The department has announced that its daily police newsletters detailing the previous day’s events in public safety throughout the city will now be released to block groups, which are made up of attentive citizens who volunteer to help monitor their neighborhoods.

These newsletters — called Flash Sheets — contain data tables, maps and news clippings; previously they had been sent exclusively to all NHPD officers. With this expanded circulation, The NHPD hopes to provide valuable information to help block watches in their localized fights against crime and to further nurture its relationship with the New Haven neighborhoods, something that both NHPD Chief Dean Esserman and Mayor-elect Toni Harp ARC ’78 have called for in recent weeks.

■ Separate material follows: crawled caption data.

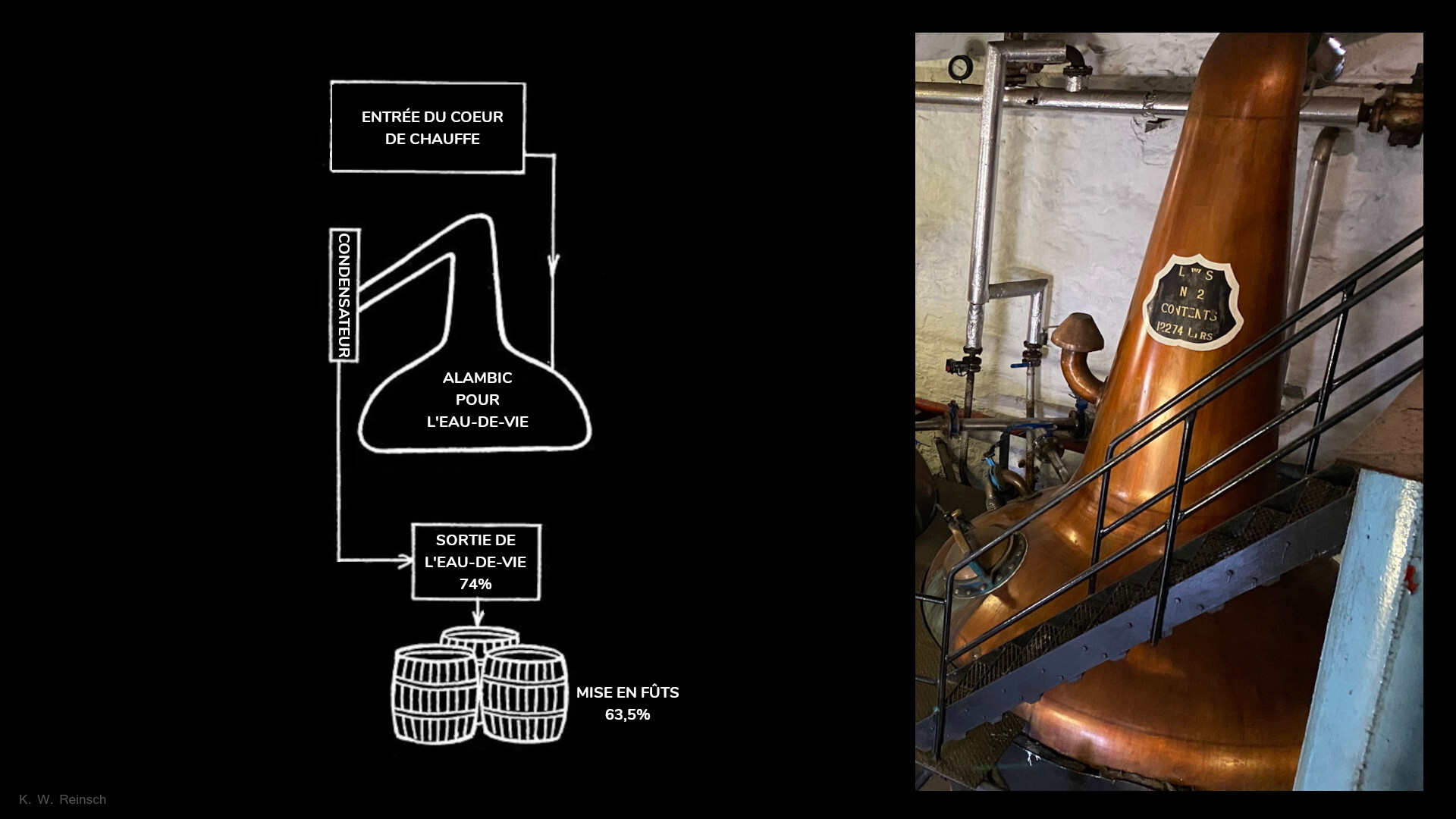 Springbank Distilation La triple distillation à la distillerie Springbank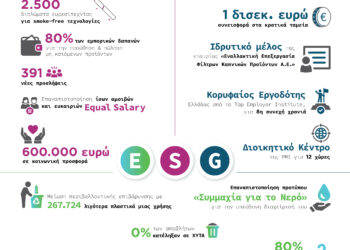 Η Παπαστράτος δημοσιεύει την 3η Ενιαία Έκθεση Βιώσιμης Ανάπτυξης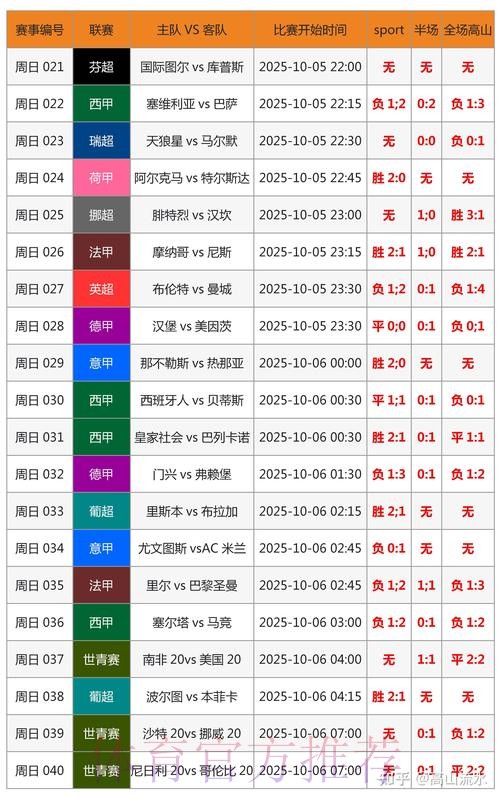 世界杯盘口分析怎么查
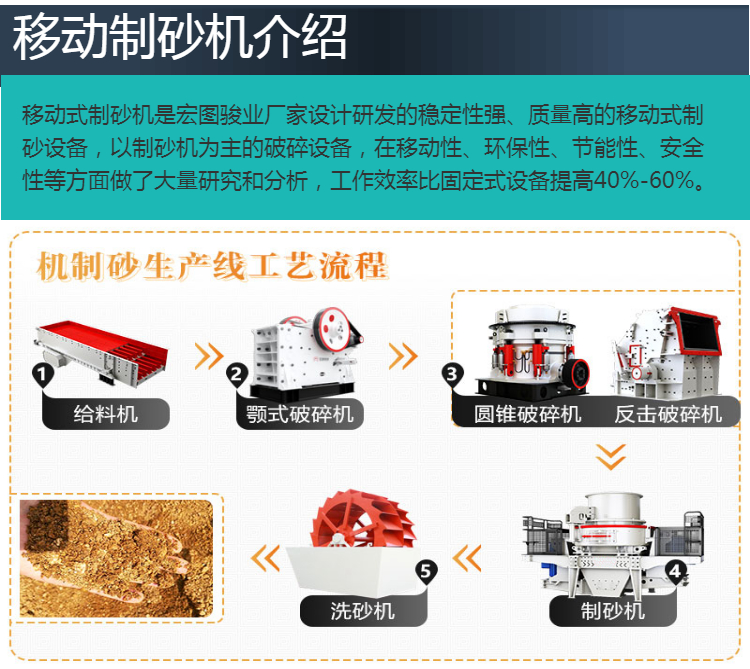 1145冲击破制砂机 砂石制砂机 河卵石制砂设备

“As months went by, the Flash Sheets evolved as a valuable tool for officers,” department spokesman David Hartman said in a press release. “In the spirit of partnerships, department members have been meeting with block watch and neighborhood groups for some time. It was realized that the information we distributed could be helpful and informative to these citywide groups.”

While running for office, Harp’s public safety platform called for an increased NHPD presence in the city’s many and diverse neighborhoods. Her vision has centered on increased implementation of the community-policing model, in which NHPD officers are assigned walking beats. The program hopes to better integrate the police officers with the neighborhoods, allowing them to talk to and get to know the residents of their assigned area.

Harp added in an interview with the News in November, however, that she wanted to see New Haven’s citizens reciprocate by taking a more active role in block-watch groups and in neighborhood-police relations. Though she did not comment specifically on this latest initiative, the sharing of Flash Sheets is consistent with her policing philosophy.

“We’ve got to get our community police officers to actually engage our district offices and our district leaders,” Harp said to the News in November. “I don’t think that enough community people are engaged, yet, in community-based policing. We don’t have the people who are really going to be the eyes and ears of the justice system in our individual communities.”

The block-watch groups operate in various ways, but most require their members to monitor the neighborhood and report any suspicious activity to police or watch captains. They communicate either through a mailing list or at group meetings, which generally happen once a month. Civilian patrols are not very prominent and have caused the NHPD problems over the years because they focus on catching crime as opposed to preventing it, Hartman said.

Most of the block-watch representatives interviewed from around the city said that their groups have had a positive relationship with the NHPD, which assigns district managers to oversee the various regions of the city. These managers generally serve as the neighborhoods’ primary police contact and represent the department at block-watch group meetings.

Mary Faulkner, the captain for Block Watch 300 in Westville, said that this working relationship has improved noticeably over the years.

“The difference this time is that the NHPD has backed up its commitment to community policing and block watches with a dedicated and competent staff person to coordinate the effort,” Faulkner said. “This has already made a huge difference.”

Block-watch representatives interviewed had different accounts of the involvement of walking beat officers in their local communities — the majority said that they interact with the same NHPD officer on a daily basis, but some had never seen a beat officer in their neighborhood. However, they all agreed that expanding communication through the dissemination of Flash Sheets has helped their operations stay informed.

The Flash Sheets will help those in the neighborhood stay on top of local crime trends, said Lisa Siedlarz, a founder and captain of the SoHu Neighborhood Association’s block watch. Siedlarz named the recent rash of wheel thefts from Honda Fits throughout the city as an example of a crime pattern that she was able to follow with the information provided in the newsletters.

Though the NHPD will continue to support these groups, Hartman said that citizens must be careful not to overstep their limits.

“We’re very much supportive of neighborhood groups that are going to do their part to combat crime and prevent it from happening,” Hartman said in a November interview with the News. “There are plenty of people who think they know [everything] — I’ve been a cop for 19 years and I don’t know these answers. So there has to be some caution.”

The department began sending Flash Sheets out to block-watch groups on Nov. 1.